Verden/Osterholz-Scharmbeck. Der 23-Jährige, der in der Nacht zum 14. Juni 2020 in Osterholz-Scharmbeck einen Verkehrsunfall mit zwei Todesopfern verursacht hat, ist am Montag zu einer Haftstrafe von zwei Jahren auf Bewährung verurteilt worden. Das Landgericht Verden erkannte auf fahrlässige Tötung in Tateinheit mit fahrlässiger Straßenverkehrsgefährdung und ging von erheblich verminderter Schuldfähigkeit wegen einer massiven Alkoholisierung von rund 2,6 Promille aus. Damit entsprach die 10. große Strafkammer dem Antrag der Verteidigung. Die Staatsanwältin hatte drei Jahre Freiheitsentzug gefordert.
Aus Sicht der Anklagevertreterin hat der junge Mann zumindest bedingt vorsätzlich gehandelt, als er sich nach einer häuslichen Feier noch ans Steuer seines PS-starken BMW setzte. Seine Fahruntüchtigkeit sei ihm bewusst gewesen. Er habe „stockbesoffen“ und mit deutlich überhöhtem Tempo eine „besonders verantwortungslose“ Fahrt unternommen. Es müsse vorsätzliche Gefährdung des Straßenverkehrs zugrunde gelegt werden. Eine noch bewährungsfähige Strafe käme trotz aller Umstände schon aus generalpräventiven Gründen nicht in Betracht. „Die Bevölkerung hätte keinerlei Verständnis, wenn der Angeklagte nicht in Haft ginge“.
Der Anwalt der Nebenklage schloss sich den Ausführungen und dem Strafantrag an. Er vertrat in dem Verfahren die Familie des 31-jährigen Mannes, der bei dem verheerenden Auffahrunfall gegen 3.30 Uhr auf der Westerbecker sofort ums Leben gekommen war. Der 62-jährige Fahrer des Taxis war wenige Stunden später in einem Krankenhaus seinen Verletzungen erlegen.
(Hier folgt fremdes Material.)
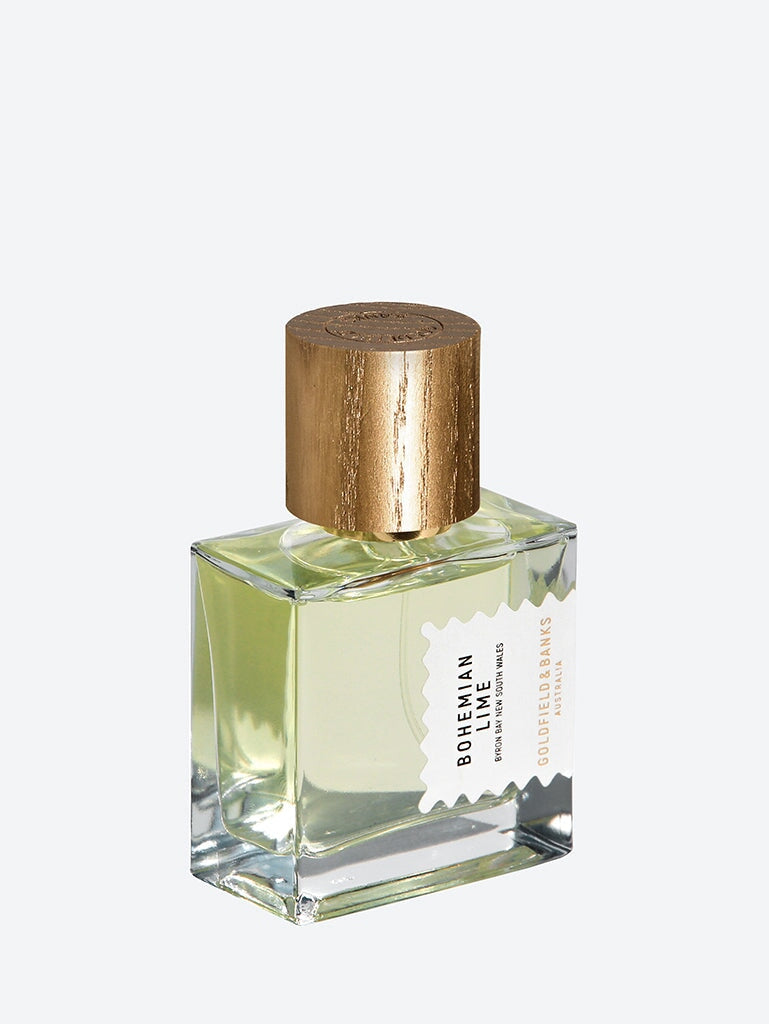 Bohemian line edp 3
Gutachter attestiert Rauschzustand
Während die Staatsanwältin überzeugt war, dass der Angeklagte vor seinen zunächst vorausfahrenden, dann durch rücksichtloses Überholen gefährdeten Gästen mit seinem Auto prahlen wollte, blieb die Motivlage für das Gericht ungeklärt. Auch vorsätzliches Fahrzeuglenken habe man letztlich nicht feststellen können, wenngleich es Indizien dafür gebe. Die Kammer berief sich auf den psychiatrischen Gutachter, wonach der Mann sich in einen „hochgradigen Rauschzustand“ befand, aber noch nicht im Vollrausch und somit auch nicht im Zustand der Schuldunfähigkeit war. Es sei nicht auszuschließen, dass der Angeklagte „die Schwere des Unfalls gar nicht mitbekommen“ und einen „Filmriss“ von eineinhalb bis fünf Stunden gehabt habe. Unfallflucht, wie ursprünglich angeklagt, nahm die Kammer nicht an.
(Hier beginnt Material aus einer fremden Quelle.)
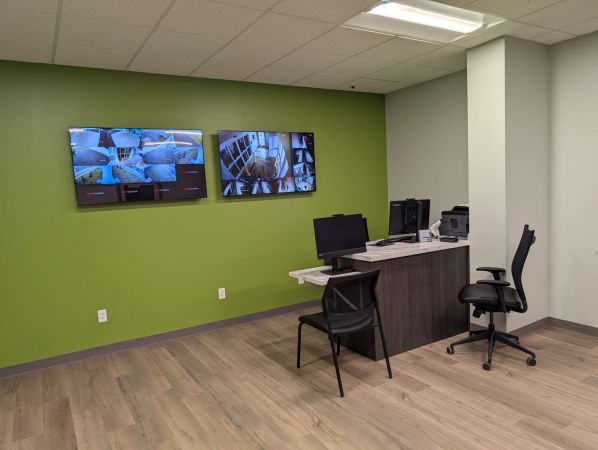 Extra Space Storage - 6525 - Hamburg - Southwestern Blvd - 4462 Southwestern Boulevard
Ebenso wenig sah das Gericht ein etwaiges „Mitverschulden“ der ums Leben gekommen Männer dadurch, dass sie offenbar beide nicht angeschnallt waren. Nur bei einem der Opfer bestand nach dem Ergebnis von Sachverständigen „sehr geringe Wahrscheinlichkeit“, möglicherweise zu überleben. Für die Frage der Schuld des 23-Jährigen sei dies allerdings irrelevant, betonte der Vorsitzende Richter in der ausführlichen Urteilsbegründung: „Es ist Ihre Tat. Sie sind der Täter“. Der Angeklagte müsse gemäß dem angehörten Verkehrsexperten mit einer Geschwindigkeit von mindestens 160 Stundenkilometer gefahren sein, auf jeden Fall rund 100 Stundenkilometer mehr als das Taxi. Bremsspuren waren am Unfallort nicht entdeckt worden.
Der Richter sprach auch von „grober Fahrlässigkeit“ und einem „katastrophalen, nicht entschuldbaren Fehler“, der dem Angeklagten passiert sei. „Sie werden mit dem Verschulden des Versterbens zweier Menschen leben müssen“. Er habe die Verantwortung für seine Tat übernommen und ernsthafte Reue gezeigt. Zu den Bewährungsauflagen gehört, dass der 23-Jährige insgesamt 15.000 Euro an den Bund gegen Alkohol und Drogen im Straßenverkehr zahlt.